───── Available data

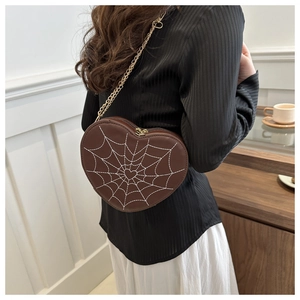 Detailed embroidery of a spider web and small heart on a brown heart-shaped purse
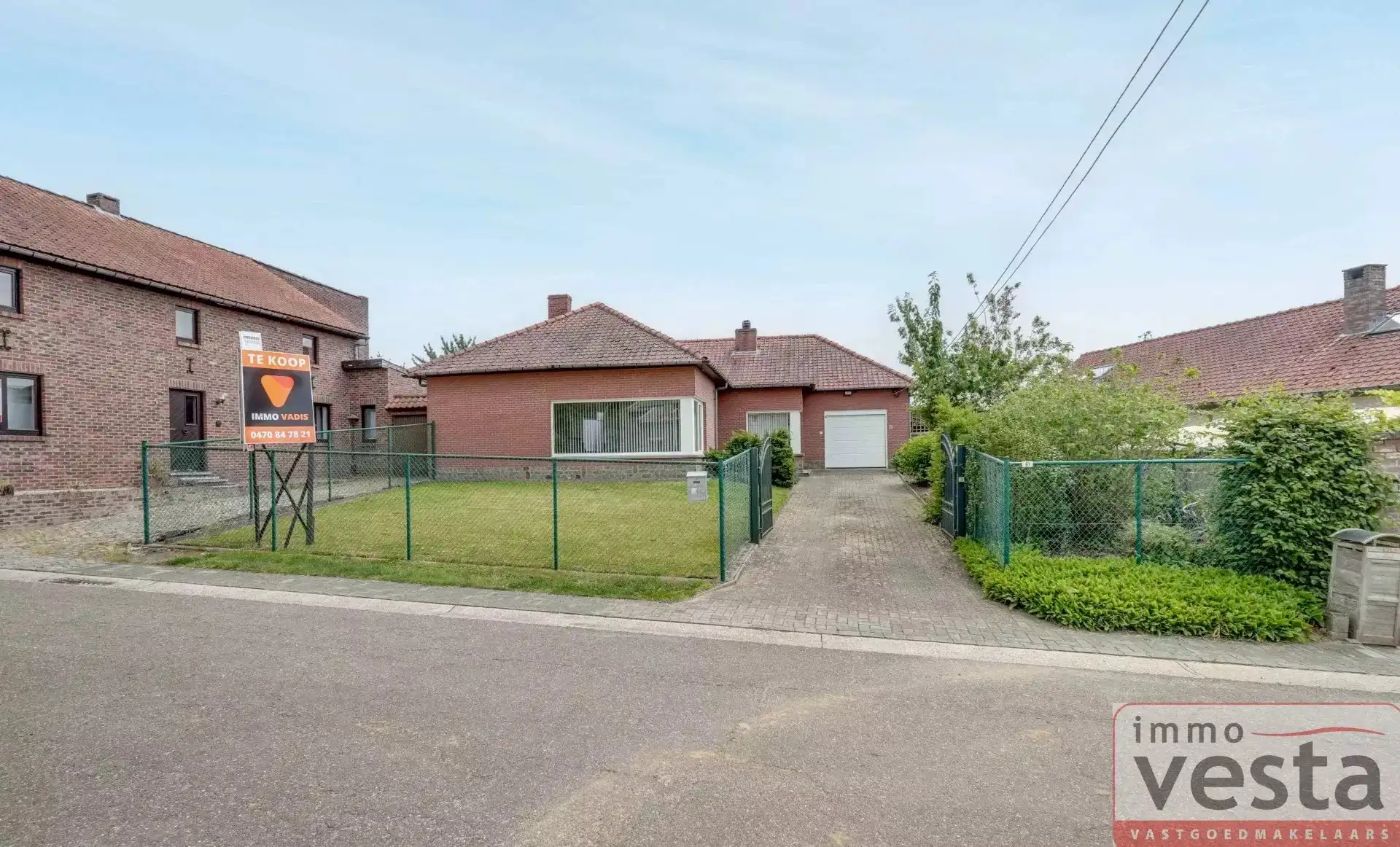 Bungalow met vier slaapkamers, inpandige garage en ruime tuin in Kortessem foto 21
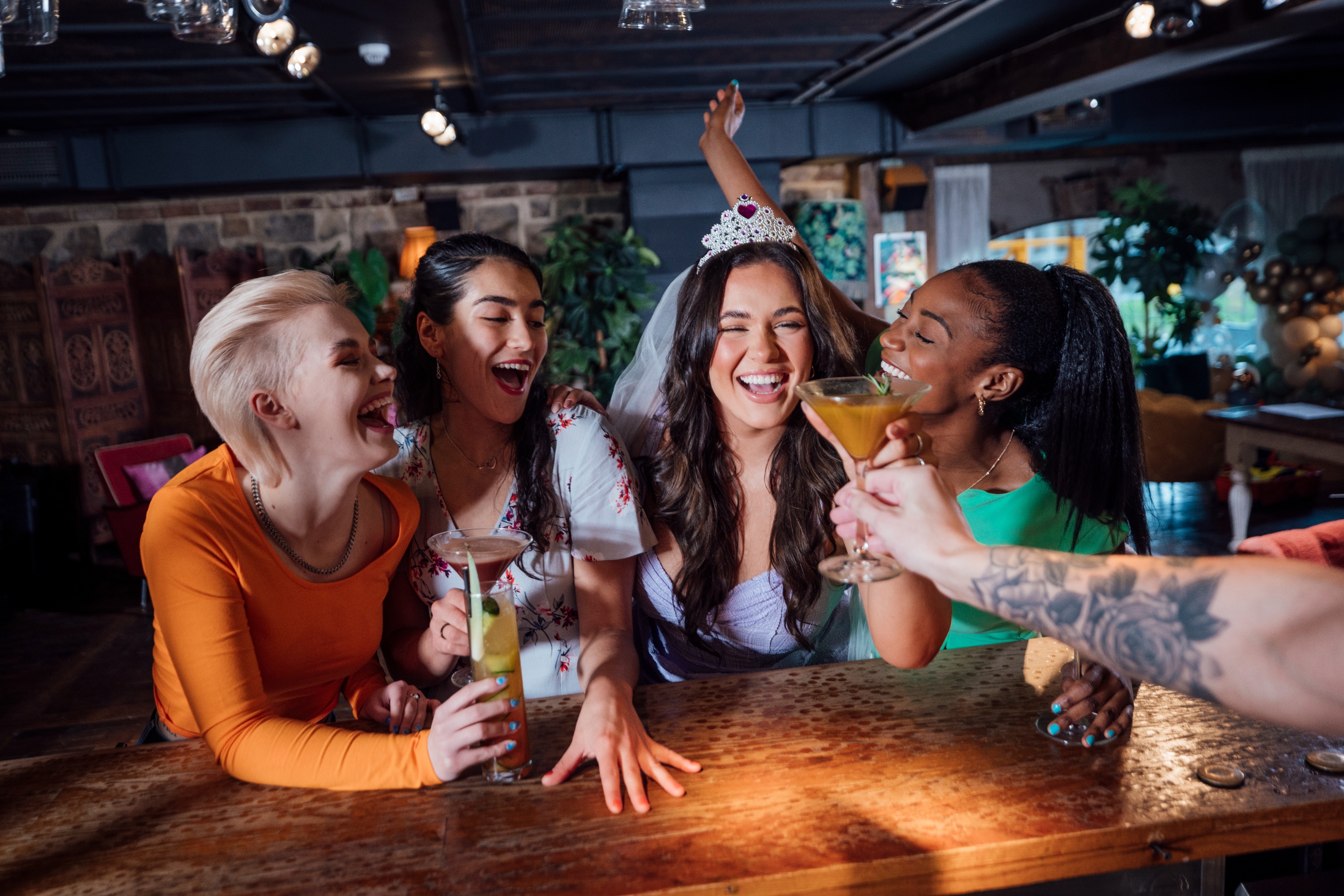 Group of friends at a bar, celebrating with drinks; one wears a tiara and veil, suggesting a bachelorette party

──────────

Task to carry out
Without the pictures, give every line above again exactly.

Result below
 Detailed embroidery of a spider web and small heart on a brown heart-shaped purse
 Bungalow met vier slaapkamers, inpandige garage en ruime tuin in Kortessem foto 21
 Group of friends at a bar, celebrating with drinks; one wears a tiara and veil, suggesting a bachelorette party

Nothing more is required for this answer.